• _Exercise details_: What the answer must contain is every line of the records, exactly, with no pictures.

• _Records to process_:
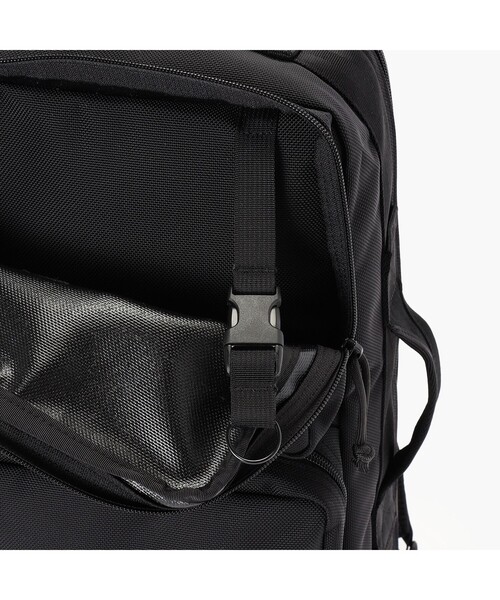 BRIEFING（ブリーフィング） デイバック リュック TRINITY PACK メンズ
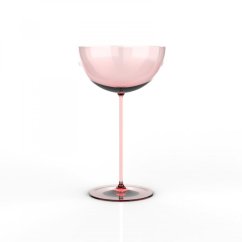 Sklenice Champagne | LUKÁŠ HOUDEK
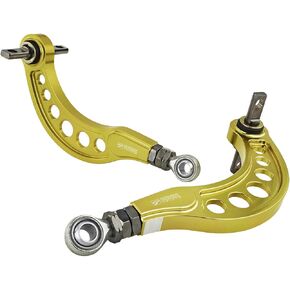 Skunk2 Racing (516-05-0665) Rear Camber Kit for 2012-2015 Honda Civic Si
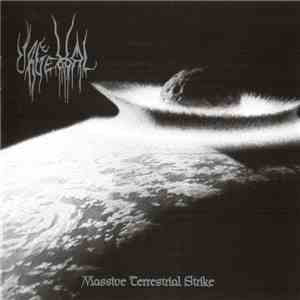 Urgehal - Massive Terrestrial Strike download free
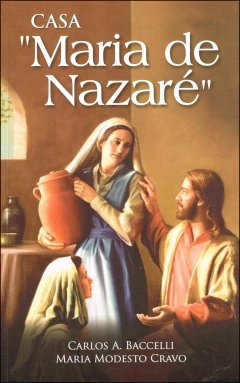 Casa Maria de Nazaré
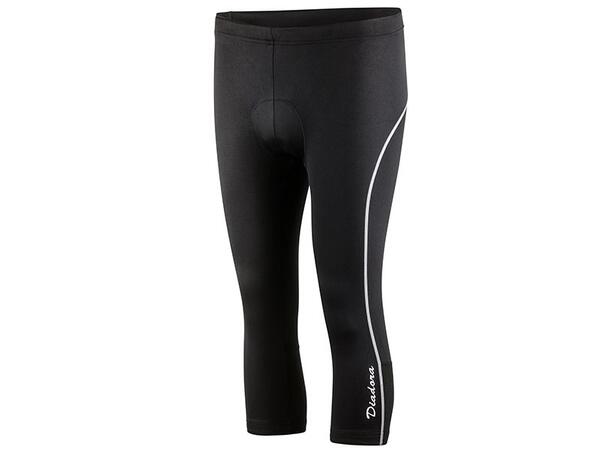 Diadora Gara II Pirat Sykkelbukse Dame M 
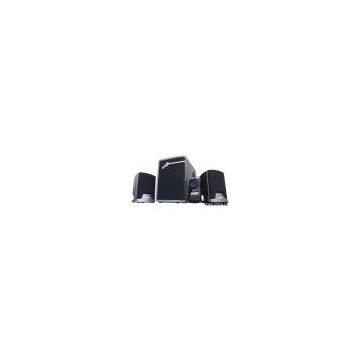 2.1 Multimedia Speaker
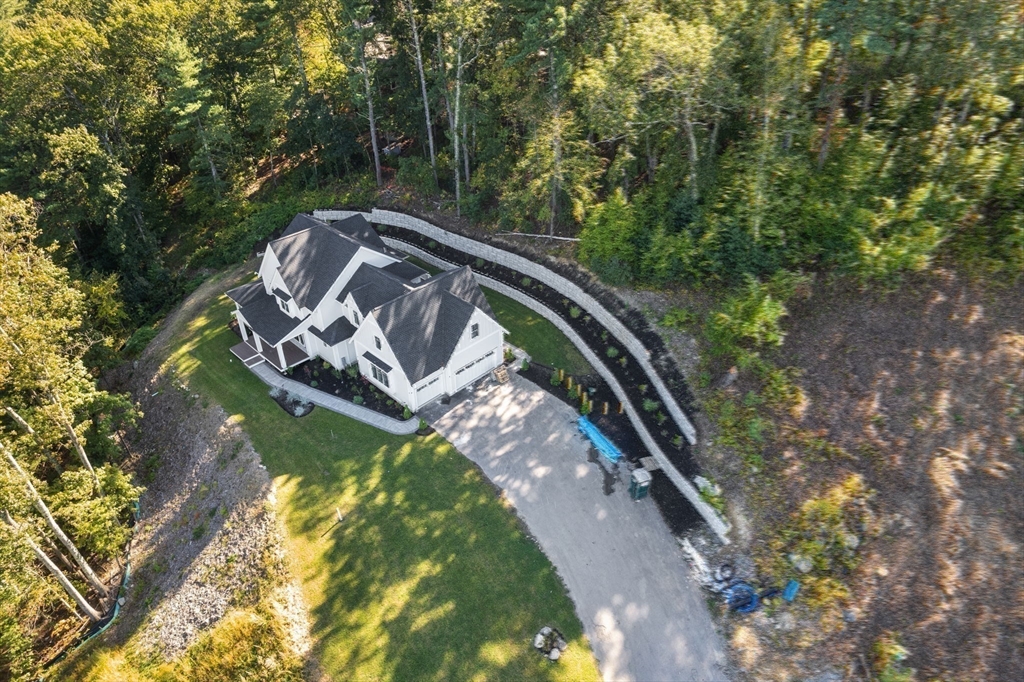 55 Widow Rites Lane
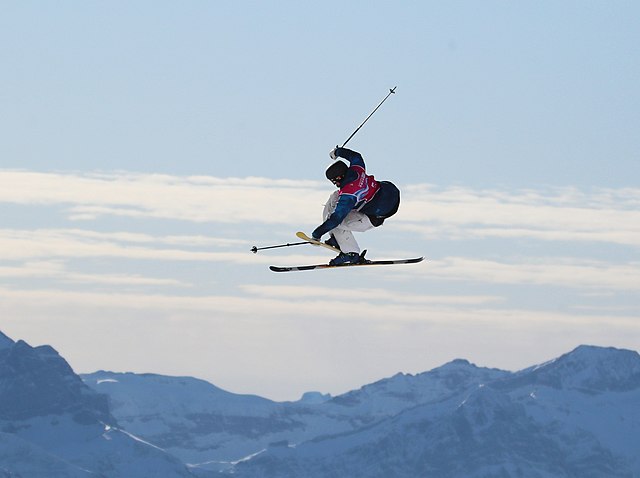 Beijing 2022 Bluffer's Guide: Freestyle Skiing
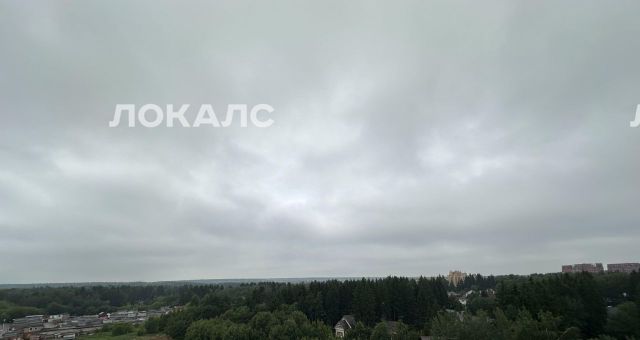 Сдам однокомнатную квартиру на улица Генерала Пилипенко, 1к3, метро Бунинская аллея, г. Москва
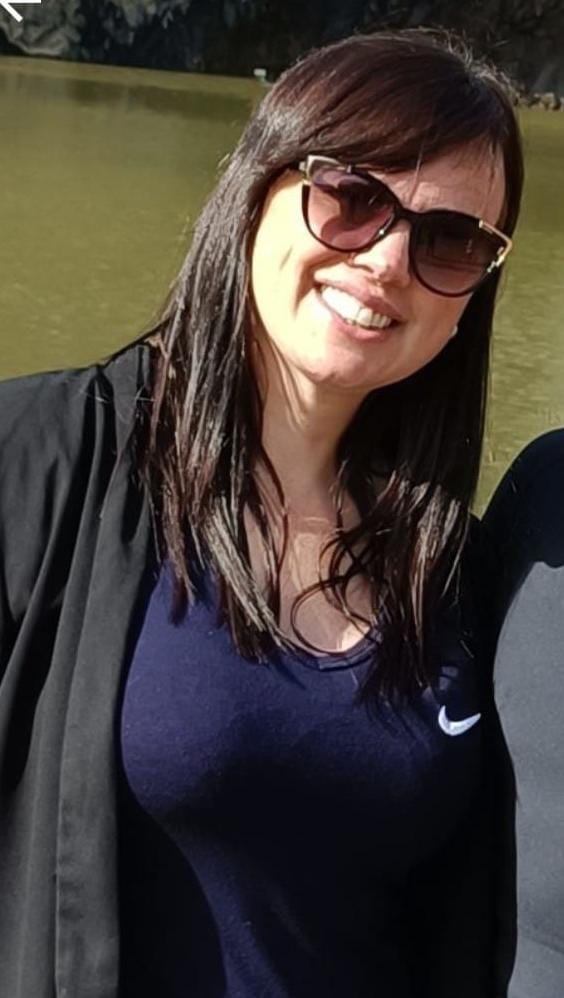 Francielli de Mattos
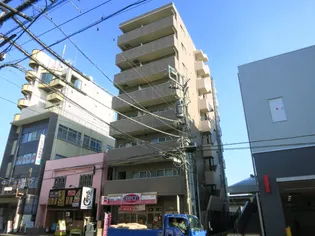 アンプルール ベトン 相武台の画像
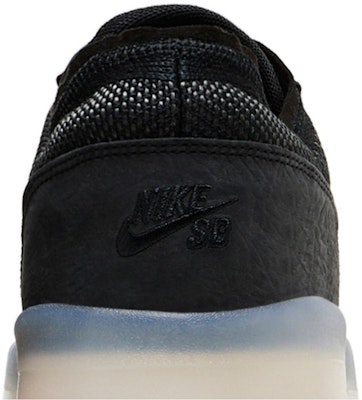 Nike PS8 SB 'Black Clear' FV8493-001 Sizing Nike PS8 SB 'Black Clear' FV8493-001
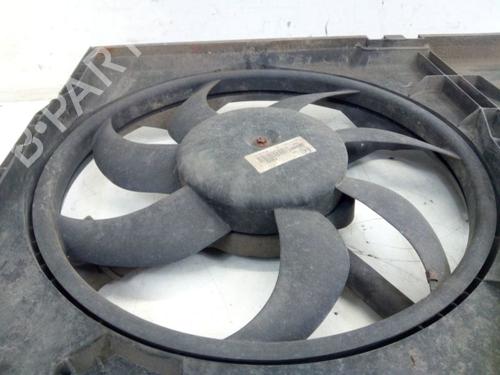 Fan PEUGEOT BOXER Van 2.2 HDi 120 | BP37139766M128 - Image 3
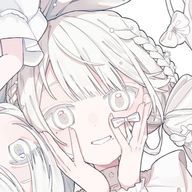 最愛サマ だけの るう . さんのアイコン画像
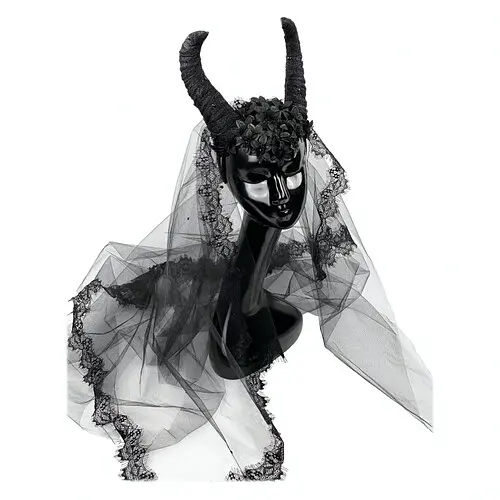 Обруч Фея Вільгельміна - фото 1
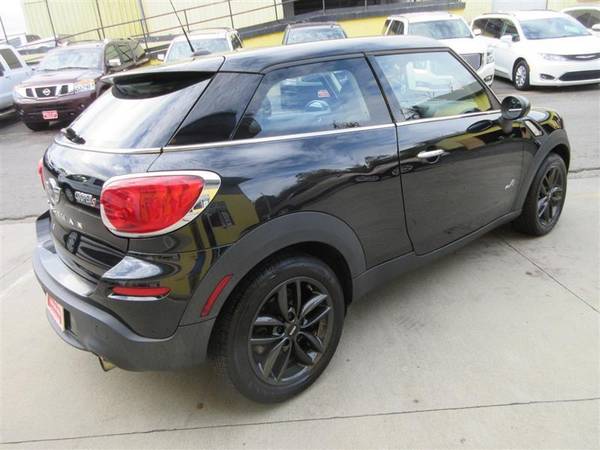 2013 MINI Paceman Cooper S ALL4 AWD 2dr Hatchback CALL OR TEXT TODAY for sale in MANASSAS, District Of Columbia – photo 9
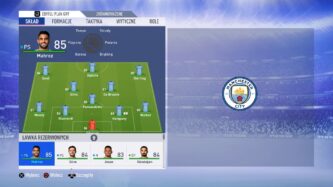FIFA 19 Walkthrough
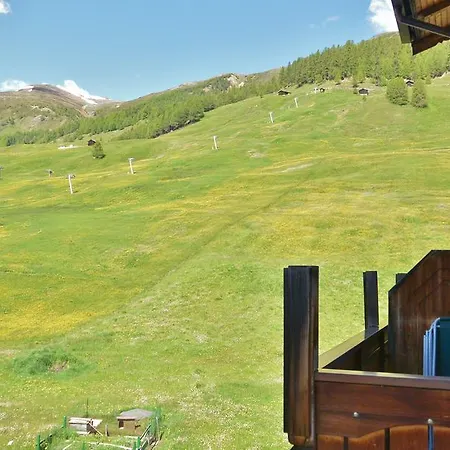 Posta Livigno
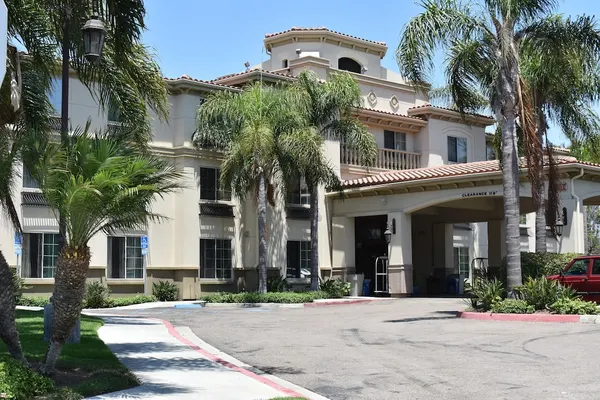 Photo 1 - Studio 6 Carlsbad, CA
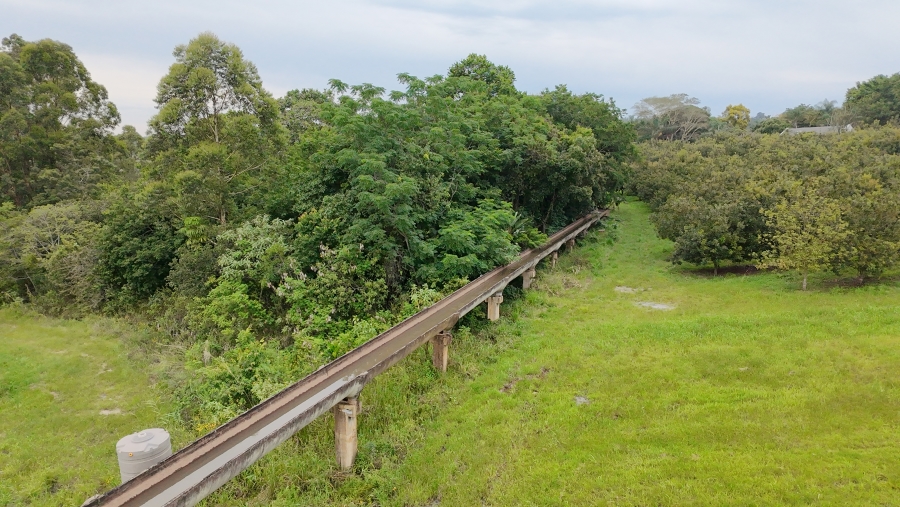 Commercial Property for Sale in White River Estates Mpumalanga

• _Finished task_:
 BRIEFING（ブリーフィング） デイバック リュック TRINITY PACK メンズ
 Sklenice Champagne | LUKÁŠ HOUDEK
 Skunk2 Racing (516-05-0665) Rear Camber Kit for 2012-2015 Honda Civic Si
 Urgehal - Massive Terrestrial Strike download free
 Casa Maria de Nazaré
 Diadora Gara II Pirat Sykkelbukse Dame M 
 2.1 Multimedia Speaker
 55 Widow Rites Lane
 Beijing 2022 Bluffer's Guide: Freestyle Skiing
 Сдам однокомнатную квартиру на улица Генерала Пилипенко, 1к3, метро Бунинская аллея, г. Москва
 Francielli de Mattos
 アンプルール ベトン 相武台の画像
 Nike PS8 SB 'Black Clear' FV8493-001 Sizing Nike PS8 SB 'Black Clear' FV8493-001
 Fan PEUGEOT BOXER Van 2.2 HDi 120 | BP37139766M128 - Image 3
 最愛サマ だけの るう . さんのアイコン画像
 Обруч Фея Вільгельміна - фото 1
 2013 MINI Paceman Cooper S ALL4 AWD 2dr Hatchback CALL OR TEXT TODAY for sale in MANASSAS, District Of Columbia – photo 9
FIFA 19 Walkthrough
 Posta Livigno
 Photo 1 - Studio 6 Carlsbad, CA
 Commercial Property for Sale in White River Estates Mpumalanga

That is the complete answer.